A Salute to Tournament Surprises ... And What They Have Shown Us

Guest Article by Sandra Harbrecht Ratchford, Paul Werth Associates

 

Even if you’re not a sports fan, it’s hard to ignore the hype that arrives every March as 68 teams each in men’s and women’s college basketball begin their quests for a national championship.
 
The National Collegiate Athletic Association (NCAA) dubs its tournaments “March Madness” for a reason. Every year, teams that nobody gives a chance end up defeating seemingly stronger squads, crushing their opponents’ dreams while moving one step closer to their own.
 
Unpredictability is a hallmark of both the men’s and women’s tournaments. And yet this year’s men’s tournament may be the craziest ever (despite the show sharpshooter Caitlin Clark has put on in moving her Iowa team to the women’s Final Four, and ninth-seeded Miami’s unlikely run to the Elite Eight). The four highest-rated men’s teams — the number one seeds – didn’t even make the Elite Eight, with one of them — Purdue — losing its first game to 16-seed Fairleigh Dickinson. In fact, every men’s team seeded 1, 2 or 3 in their regions is now watching the tournament from home.

By contrast, San Diego State, which had never won a Sweet 16 game until this year, is in the Final Four. So is Florida Atlantic, which had never even won an NCAA tournament game. They join Connecticut and Miami in a Final Four that includes no Big Ten, Big 12, SEC or Pac-12 schools.
 
When something this weird happens, you can count on the “experts” to tell you why. One theory is that students now able to profit from their Name, Image and Likeness sponsorships are staying in school longer, thus making weaker teams more experienced. Another is that changes to rules allowing transfers to play for their new teams immediately, instead of sitting out a year, have bolstered rosters more quickly.

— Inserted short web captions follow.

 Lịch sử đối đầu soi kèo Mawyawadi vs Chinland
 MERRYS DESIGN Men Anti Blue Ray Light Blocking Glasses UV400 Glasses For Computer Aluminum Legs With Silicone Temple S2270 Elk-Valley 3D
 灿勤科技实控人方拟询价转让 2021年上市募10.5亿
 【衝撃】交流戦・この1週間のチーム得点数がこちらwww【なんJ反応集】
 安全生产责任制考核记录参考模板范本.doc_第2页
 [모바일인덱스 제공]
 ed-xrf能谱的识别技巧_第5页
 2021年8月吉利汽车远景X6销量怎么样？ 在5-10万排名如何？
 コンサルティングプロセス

However, there is one reason that sounds so simplistic and clichéd that it has gone largely unmentioned: Every team involved in an upset win this year believed it had the talent to win. They refused to listen to experts who told them the favorites would cut down the nets. Instead, these players put in the work to get better, embraced their roles, didn’t let setbacks get them down and, most of all, believed in themselves, their coaches and their teammates.
 
The world is so full of negative energy these days that it’s easy to feel the game is rigged against us. March Madness teaches just the opposite. It teaches us that naysayers know nothing, talent exists everywhere, and that no goal is too large for those who dream big, work hard and embrace the challenge.
 
And so, let me be the first to salute the next national champion, whoever that may be — as well as those who didn’t win but who gave us something more important: a reminder of what makes our own success possible.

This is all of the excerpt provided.